In your opinion, what changes – if any – are needed in the scientific system to attract more women scientists?
Dr. Huang: “Equal opportunity between genders for salary, promotion, grant applications, and other things.”
Dr. Nakiyingi: “Determination is critical for women to take on sciences. Programs should work on instilling confidence in women about sciences at an early age. Programs should target girls in lower levels of school. The attitude towards women should change, especially in societies and countries where the field of sciences is still dominated by men. Women should be encouraged to participate in science-related disciplines, and existing women scientists should be encouraged to take on leadership positions so as they can put in place policies that support women. Mentorship is key in promoting women scientists. Senior women scientists should be utilized to mentor other women. Training opportunities specifically targeting women should be offered as a priority.”
What makes you most proud about being a woman in your field?
Dr. Huang: “I can make the same or even more [of a] contribution to important issues of tuberculosis control in China as an outstanding male colleague.”
Dr. Nakiyingi: “I am among the few women scientists in Uganda pursuing an Academic and Research career, and my research area of interest is tuberculosis and HIV. I have led implementation of several tuberculosis research projects in Uganda, and some of the findings have influenced policy change, particularly in tuberculosis diagnosis in resource-limited settings. My active involvement in research has made me an internationally recognized independent researcher in the field, and I have been able to compete favorably for international funding. I hold professional and non-professional leadership responsibilities in Uganda, and my goal is to grow to the highest academic and research positions at Makerere University. I have made several scientific presentations at international conferences, some as an invited speaker. I am involved in training and mentorship of junior researchers at Makerere University with the aim of building clinical research capacities at my institution. As a woman researcher, I support several mentorship activities in Uganda that aim to promote women in science and leadership. Seeing many female junior scientists looking up to me as their idol makes me feel proud as a woman researcher in my country.”
What was your experience finding your first professional position?

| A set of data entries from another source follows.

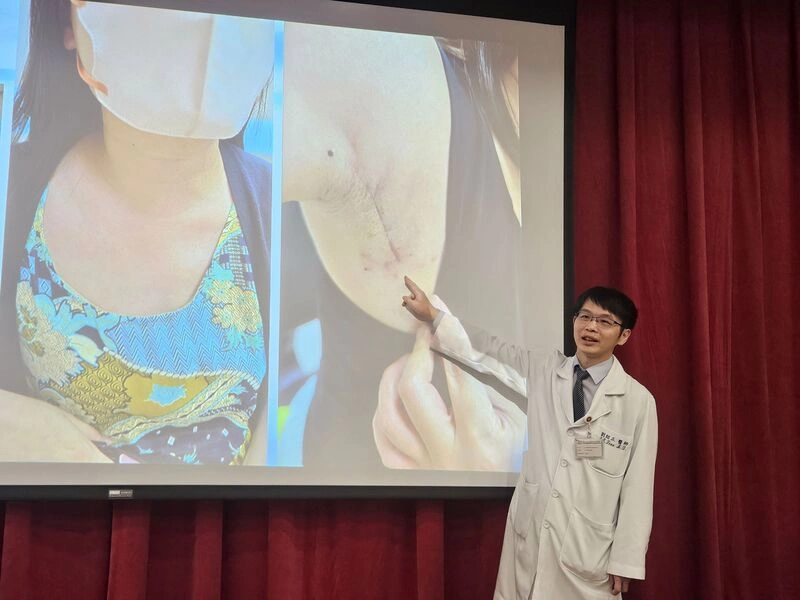 26歲患甲狀腺癌怕留疤　選腋下切口保外觀與嗓音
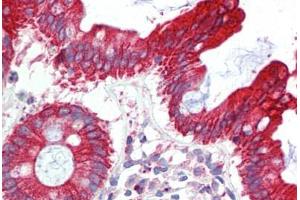 Human Colon (formalin-fixed, paraffin-embedded) stained with UBE2L3 antibody ABIN462238 followed by biotinylated goat anti-rabbit IgG secondary antibody ABIN481713, alkaline phosphatase-streptavidin and chromogen. (UBE2L3 抗体  (C-Term))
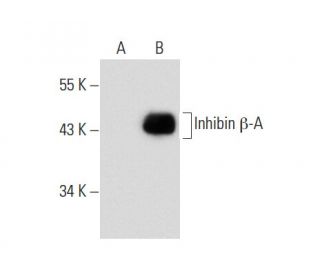 Inhibin β-A Antibody (E-1) - Western Blotting - Image 133993The Double Nickase Plasmid features a U6 promoter for sgRNA expression, a 20 nt targeting sequence, and a gRNA scaffold to guide Cas9n. It includes a CBh promoter for Cas9n (D10A) and puromycin resistance, GFP for transfection verification, and nuclear localization signals (NLS). The 2A peptide allows co-expression of Cas9n and Puro from a single promoter, enabling precise genome editing with reduced off-target effects.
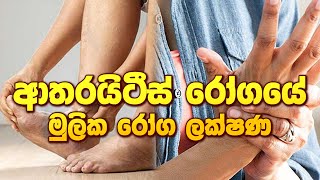 ආතරයිටීස් රෝගයේ මුලික රෝග ලක්ෂණ ayurveda arthritis arthritiscure arthritistreatment [upl. by Nibur]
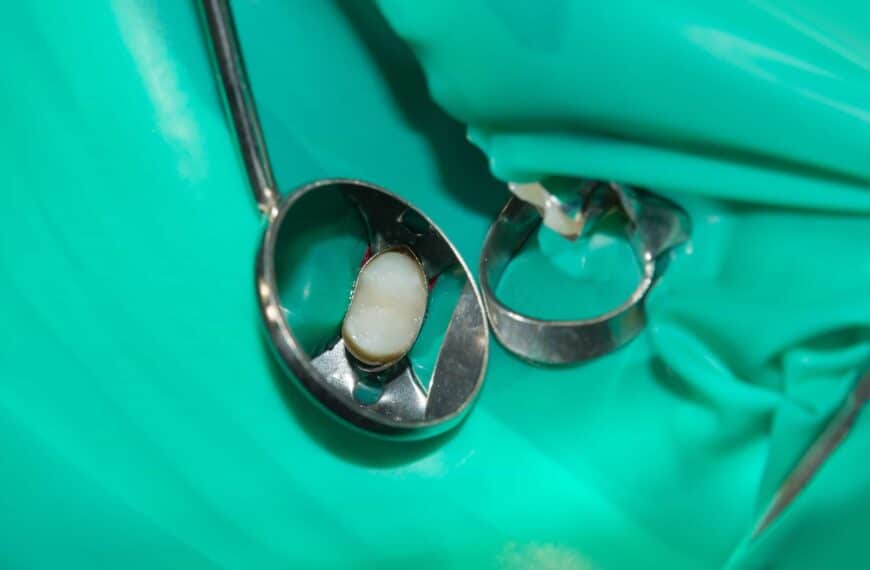 A picture of a tooth getting being prepped for a root canal.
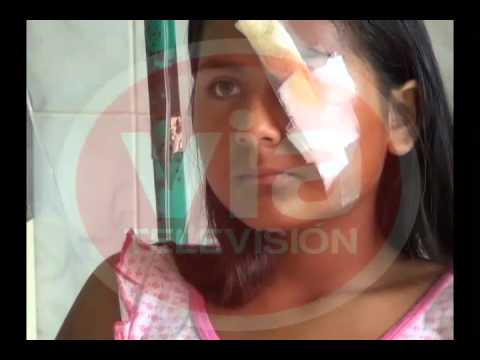 Adolescente se corta la cara con motosierra mientras ayudaba a su padre Adolescente se corta la cara con motosierra mientras ayudaba a su padre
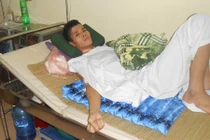 Cứu sống bệnh nhân vỡ thực quản do nổ khí gas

Dr. Nakiyingi: “As a woman scientist in this predominantly male-dominated research and academic environment, I faced several challenges, mainly gender-based, which could easily have deterred my advancement in the field of research. Among these were: difficulties in balancing a research career and personal life, including motherhood; a lack of mentorship [opportunities] for women; limited training opportunities offered to women; and societal attitude and beliefs towards women in science, academics, and research. However, with determination, I was able to persevere and pursued my goal of becoming a researcher.”
What advice do you have for women scientists starting out in their careers?
Dr. Huang: “Keep on going! At the beginning, it could be hard, but things will get better and better once you insist on making progress.”
Shown left: Dr. Huang at a meeting for the WHO Strategic Advisory Committee on in Vitro Diagnostics (SAGE IVD) with other participants from the Essential Diagnostic List (EDL) composition.